Frankly if Daytime Drag doesn’t become a Loose Women-style talk show, then I don’t even see the point of television any more.
1. There are some reality shows that absolutely suit being taken out to face the public sometimes – America’s Next Top Model and Top Chef are two that I can think of which regularly take the contestants out of the studio and into the real world to interact with real people. On the other hand, there are others where any attempt to do this just feels weird – and RuPaul’s Drag Race definitely falls into that category. Perhaps because it doesn’t use the reality TV trope of “everyone lives in the same house with cameras everywhere, getting hammered and having fights at 3am” – pretty much every scene on this show is either in the workroom or on the runway (or, in the case of Untucked, in the lounge getting hammered on product-placed vodka, which isn’t quite the same thing even though it’s close) – it feels really odd when this show breaks its hermetically-sealed bubble and ventures out into the real world. I wasn’t a big fan of the “sell gift certificates on the street” challenge from season two either, and this week’s main challenge didn’t really sit well with me either, for reasons we shall get to presently.

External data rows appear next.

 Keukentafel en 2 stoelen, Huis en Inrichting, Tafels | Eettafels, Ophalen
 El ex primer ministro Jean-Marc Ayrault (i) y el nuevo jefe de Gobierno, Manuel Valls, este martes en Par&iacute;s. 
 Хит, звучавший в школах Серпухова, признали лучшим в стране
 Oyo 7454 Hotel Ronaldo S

2. Before all that, though, let’s address this week’s Mini Challenge. I feel like the show’s been reading my mind as I’ve been mulling over recently which All Star queen is the hottest as a boy (I think it’s between Yara Sofia and Manila Luzon, personally, though I’d be interested to hear your thoughts in the comments), and this week Ru gave them all digital cameras and told them to take their best sexy butch photos of themselves as men. It was interesting how the instruction to look like butch men still sent several queens scurrying to the make-up counter, but those were frequently the most successful – Shannel and Chad did a fantastic bit of gender-bending to make themselves look like drag kings (at least, I hope that was their intention), but Yara and Alexis scooped the overall victory. The less said about Jujubee’s blurry, confused-looking shot and Raven’s MySpace self-portrait the better.

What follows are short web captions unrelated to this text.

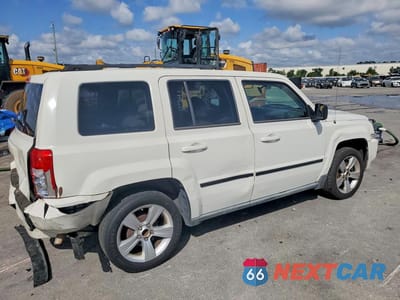 Trzecie zdjęcie samochodu z tyłu: 2010 JEEP PATRIOT SPORT VIN:1J4NT2GB2AD622040 - miniatura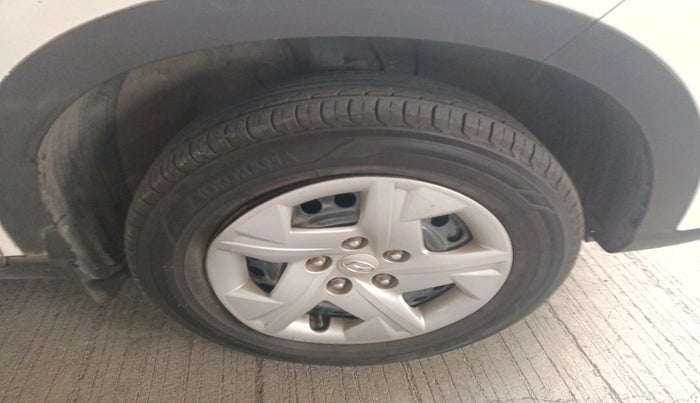 2019 Hyundai VENUE S 1.2, Petrol, Manual, 51,547 km, tyre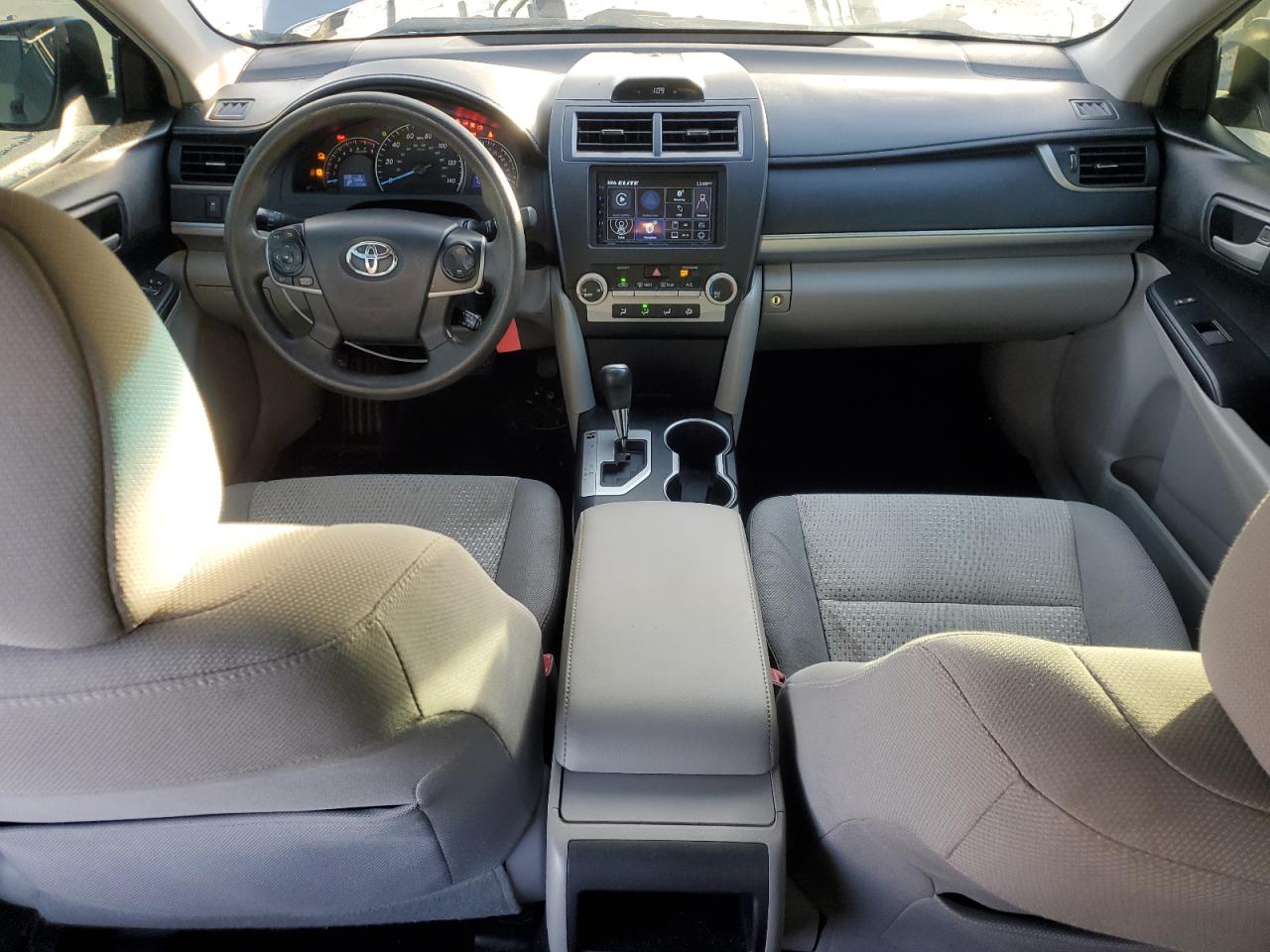 Toyota Camry L Image 8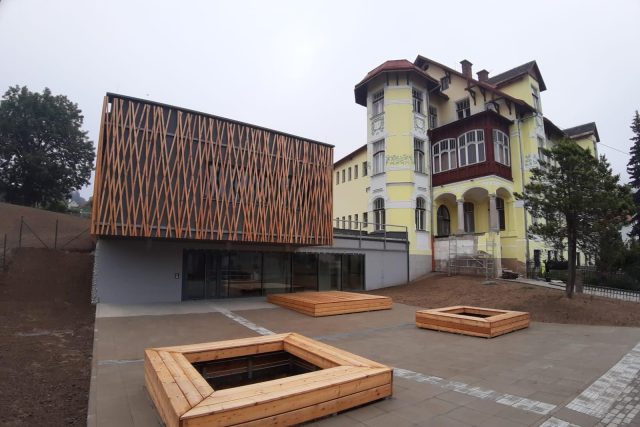 Poznáváte základní školu v Kokoníně? | foto: Šárka Škapiková,  Český rozhlas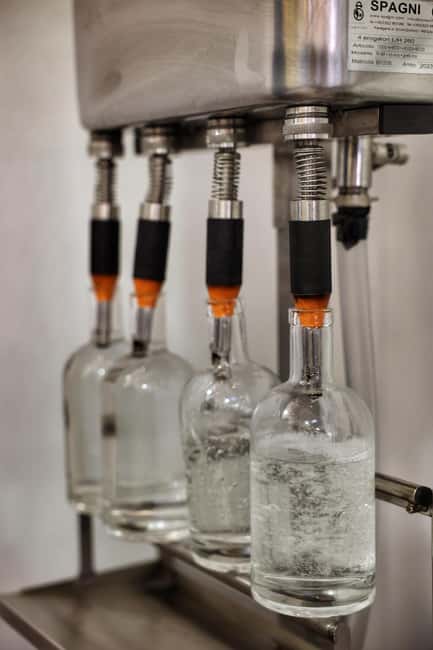 Orlando: Caribbean Moonshine Distillery Tour and Tasting - A One-Hour Taste Of Caribbean Moonshine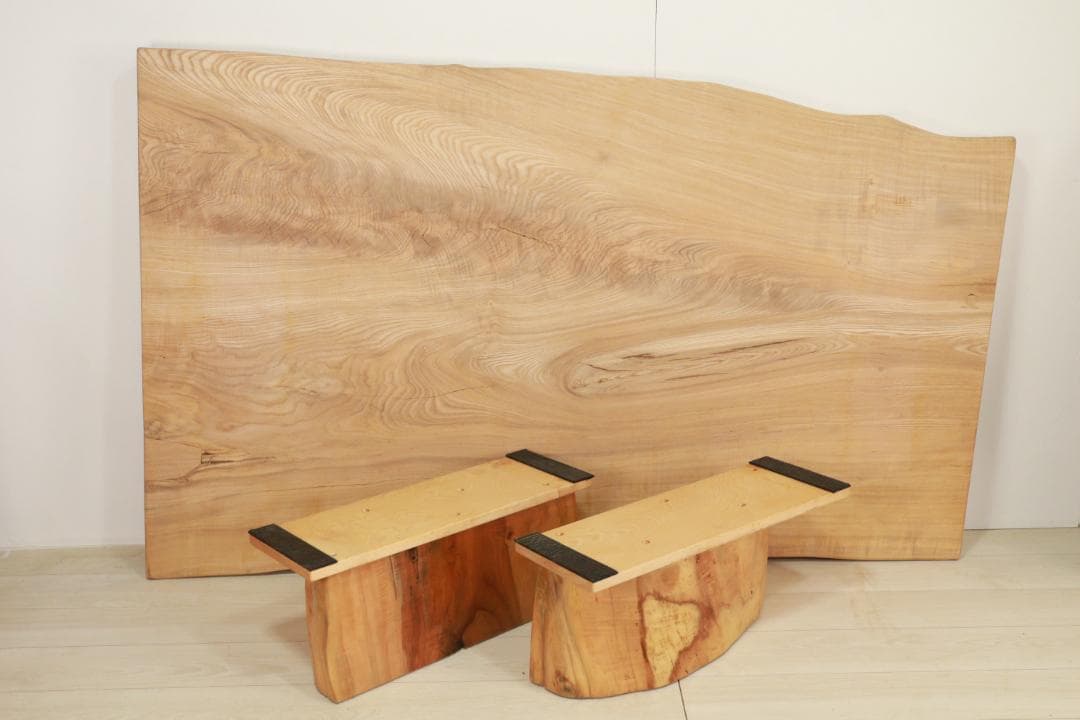 店頭展示品　１枚板　欅製　無垢材　和モダン　ローテーブル 天厚9㎝ BJ141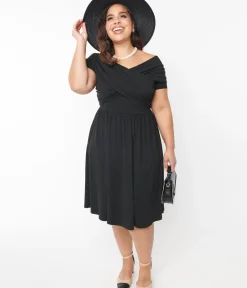 Unique Vintage Swing|Pocket Dresses>Curve Black Shirred Swing Dress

3. As I mentioned earlier, the main challenge sent the queens out into the street for a sort of Just For Laughs-style mission, where they had to convince members of the public to do weird things for them – the more outlandish the request, the more points they go. Each queen had an earpiece linked to a booth where their teammate sat with Ru, directing them – though on several occasions this was more of a hindrance than a help. It will no doubt shock you to your core to learn that this was a challenge that played right into the hands of the fishier queens – Jujubee in particular managed to seem completely approachable and unthreatening, and as a result probably had the highest hit rate of anyone, even convincing a guy to let her squeeze whipped cream down his pants. (Ru, at judging: “What was the hardest part of this challenge?” Jujubee: “His penis when I squirted the cream.”) That said, it wasn’t just the most feminine queens who were successful – a surprisingly gregarious Manila also got good results with a wonderfully inviting all-girls-together air about her that made it very easy to coerce passers-by into wearing a diaper and crying like a baby (demonstrated by Manila with her trademark cross-eyes), and both members of Team Shad (with Shannel as Sharon Osbourne and Chad as Kathy Griffin, apparently) managed to tap into that special brand of desperation that comes across as endearing rather than offputting. Shannel in particularly got quite lucky by happening about a nice young man who seemed as though he wouldn’t mind her cougaring his ass but good. Special mention also goes to Alexis, not for performing particularly well in the task, but for yelling “Hi, Manila!” at a short Asian woman walking past.
4. It’s equally shocking that certain queens had a natural disadvantage in this task – in broad daylight, it’s hard to escape the fact that Latrice is a very large and rather mannish-looking queen, so she found it a lot harder to get anyone to come anywhere near her (though admittedly the fact that she seemed to spend half the task diving into the bottom of the props bin looking for things probably didn’t help her cause either), and Yara had the equally distracting issue of the language barrier – though again she didn’t exactly do herself many favours by just yelling “HIIIIIIIIIIIIIIIIIIIIIIIII!” at everyone rather than actually telling them what she wanted, giving them all ample opportunity to scarper before she moved on to the next syllable. Overall there were some funny moments in the challenge, but it felt to me like something that would’ve been better suited as the Mini Challenge rather than the main one – it was all a bit fast and scrappy and I really don’t think it showed many of the queens at their best.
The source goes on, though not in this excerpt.